Вследствие такого положения дел, неудобство которого увеличивалось ненормальными отношениями крестьян к помещикам, – сельское хозяйство шло плохо. А между тем постоянно был большой отпуск хлеба за границу. Да еще это бы ничего само по себе; но беда была в способе, которым эта операция производилась. Дело в том, что плодородные губернии были отдалены от места заграничного отпуска хлеба, а пути сообщения были в самом жалком состоянии. На улучшение дорог издавна был установлен особый сбор, и деньги постоянно собирались, но девались неизвестно куда, а дороги не поправлялись вовсе; мосты были так худы, что по многим совершенно не было проезда. Когда же в 1781 году последовал указ об исправлении дорог и мостов, оказалось, что собранные на этот предмет деньги так ничтожны, что с ними ни за что и приняться нельзя («Московские ведомости, № 172). Поэтому земледельцы не могли прямо участвовать в заграничной операции, и вся она попала в руки посредников-торговцев, которые одни обогащались, давая вперед задатки крестьянам и покупая у них по сравнительно низким ценам весь хлебный товар. К этому надо еще присоединить и то, что количество вывозимого хлеба вовсе не соображалось с потребностями самого народа в России. В пример безрассудства, господствовавшего в этом деле, Щербатов приводит следующий факт:

...

По именному указу, губернатору Архангельского порта Головцыну дозволено было выпускать до 200 000 четвертей хлеба, но с тем, чтобы он вошел предварительно в сношение с казанским губернатором и если только тот уведомит его, что в его губернии есть излишний хлеб.
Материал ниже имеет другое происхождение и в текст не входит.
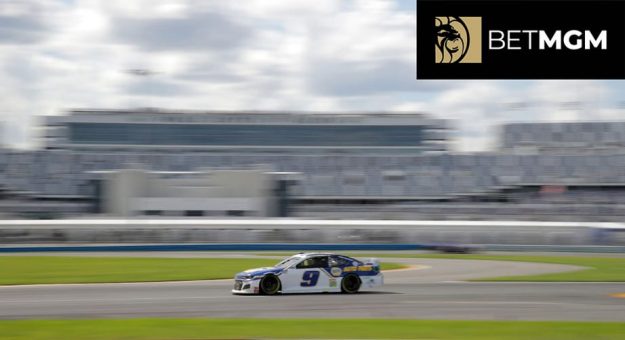 Visit Favoritos de los apostadores para la carrera del Daytona Road Course 2021 page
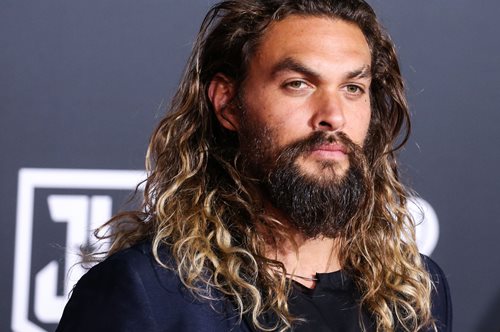 Τζέισον Μομόα: Τροχαίο ατύχημα με μοτοσικλετιστή που έπεσε πάνω του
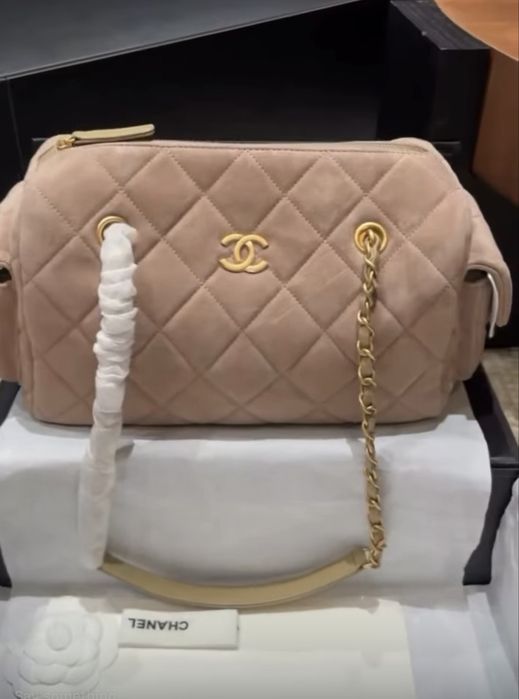 чанта Chanel ест кожа нова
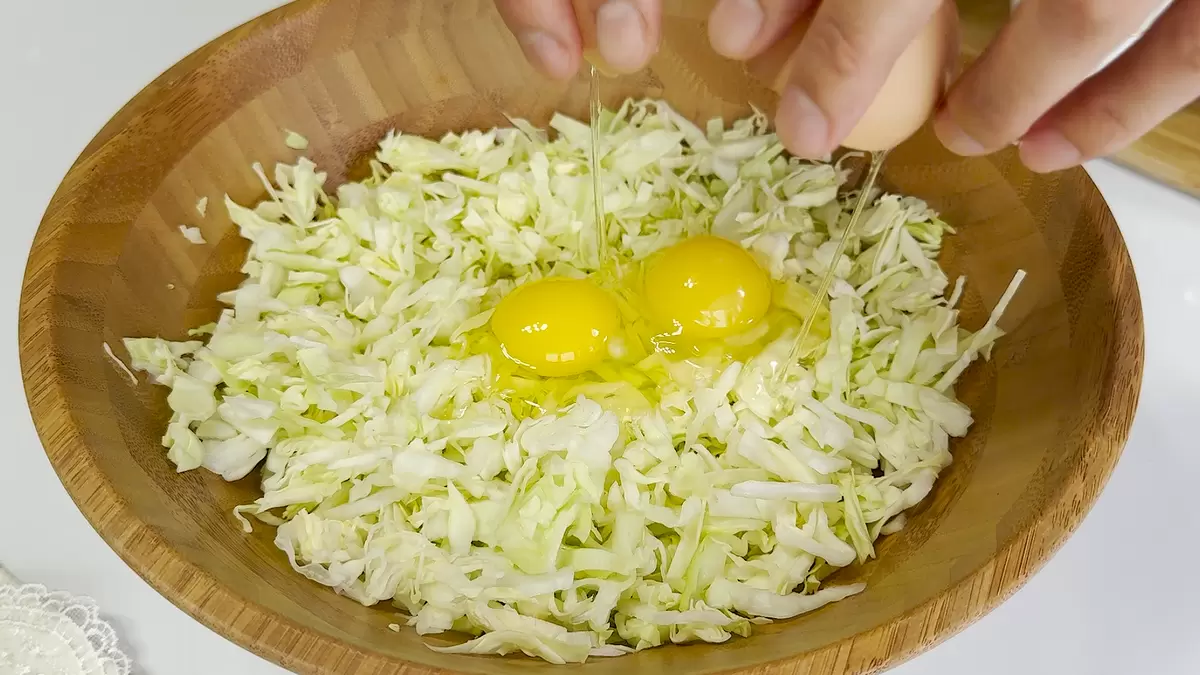 Нежная запеканка из капусты с курицей — отличный выбор для всей семьи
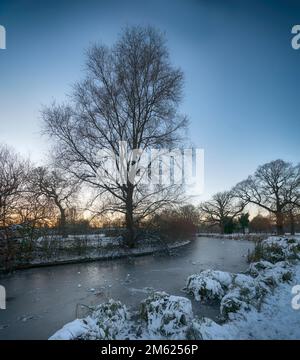 clissold park  stoke newginton in winter Stock Photo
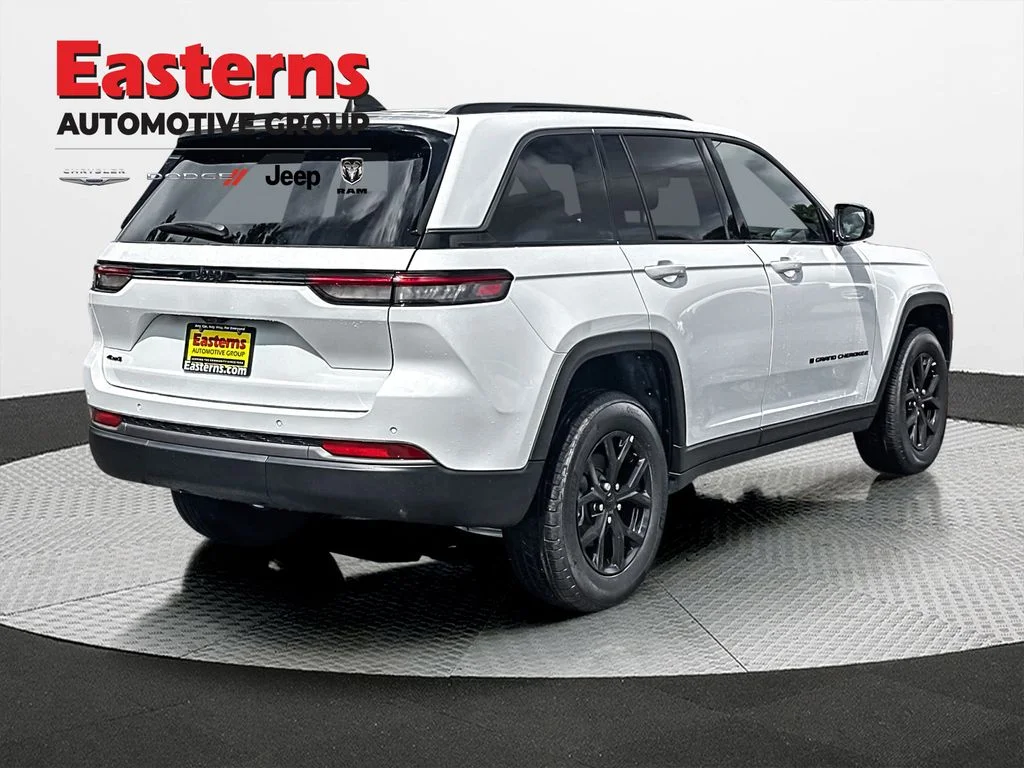 New 2026 Bright White Clear-Coat Exterior Paint Jeep Altitude image 7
Но этот указ вовсе не исполнялся. В самый 1774 год, когда после разорения Казанской губернии Пугачевым народ с голоду умирал и поля были не засеяны, выпущено было из северного порта не только 200 000 четвертей, но и гораздо более («Московские ведомости», № 143).
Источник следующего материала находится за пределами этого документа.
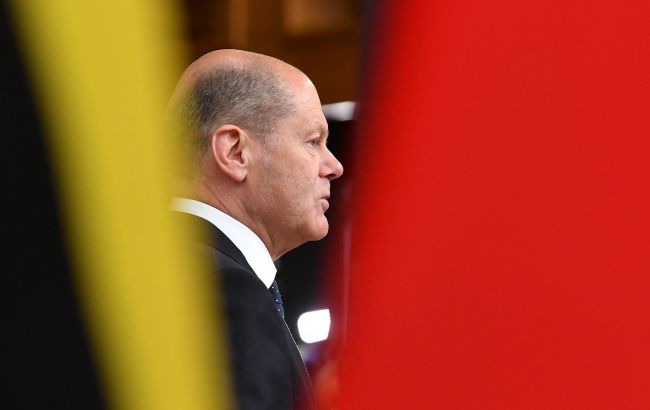 Scholz pledges security assurances to Kyiv but no swift NATO membership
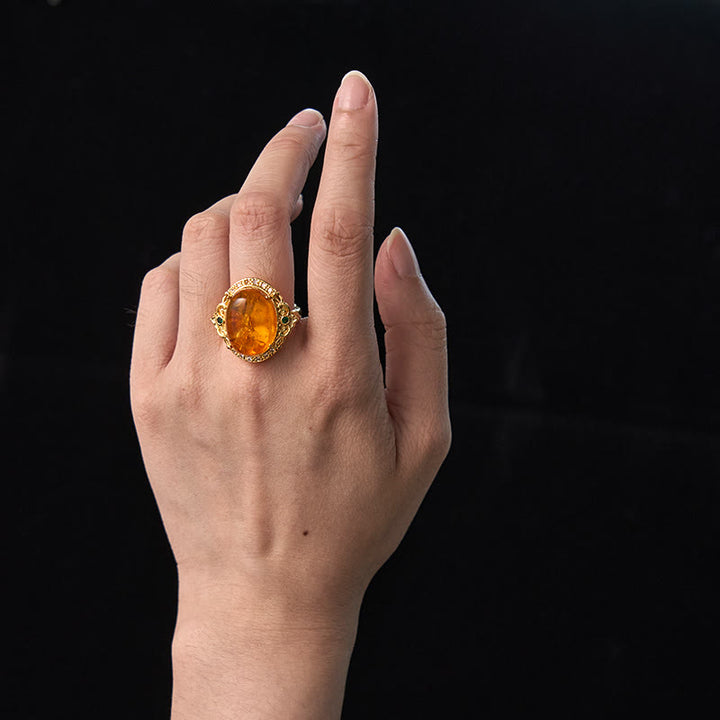 Anillo de enfoque con diseño de huevo de paloma y flor de ámbar con Buddha Stones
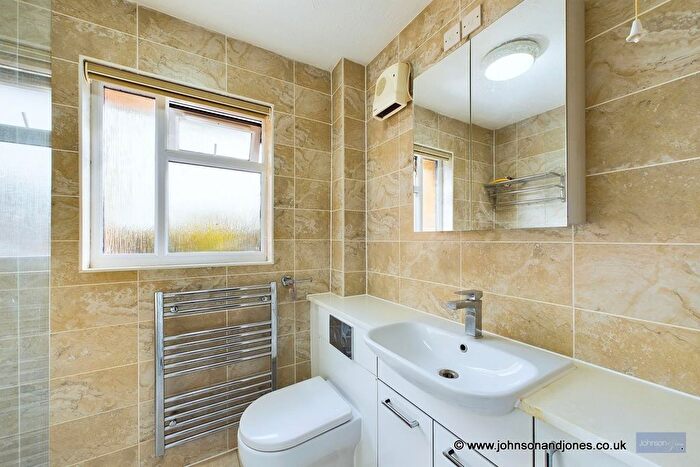 1 Bedroom Semi-Detached House To Rent In Mawbey Road, Ottershaw, Chertsey, KT16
В число причин, парализировавших успехи земледелия и вследствие того самое благосостояние народа, Щербатов приводит нововведенные тогда откупа и также новое положение об экономических крестьянах, отобранных от монастырей. Откупа увеличили сидку и гонку вина, на которое употреблялось тогда до 600 000 четвертей, и Щербатов предлагает даже в своем рассуждении – уменьшить эту пропорцию наполовину, рассчитывая, что оставшимся от того количеством хлеба может питаться до полумильона народа в течение десяти месяцев. Относительно бывших монастырских крестьян Щербатов сообщает следующее. Когда их приписали к коллегии экономии, то оброк, положенный на них по 3 рубля на душу, был сравнительно очень высок, и вследствие того многие крестьяне покинули поля и обратились к другим, более прибыльным занятиям, так что большая часть земель вокруг монастырей запустела. Между тем местное начальство постоянно уверяло правительство, что хозяйство в этих вотчинах находится в наилучшем положении. Через 4 года, в 1767 году, возникли какие-то темные подозрения, и коллегии экономии велено было собрать точные ведомости, сколько в предыдущие годы посеяно было хлеба на бывших монастырских землях. Отовсюду были донесения самые благоприятные: оказалось, что в последние годы посев даже увеличился против прежнего благодаря стараниям нового управления. Для поверки этих сведений отправлен Г. Н. Теплов и, разумеется, нашел, что в донесениях была самая наглая ложь. Результаты своей поездки представил он коллегии экономии и самой Екатерине. Но дело оставлено без всяких последствий, и не только не было обращено никакого внимания на земледелие, но и самые казначеи за ложные свои донесения не были подвергнуты никакому наказанию.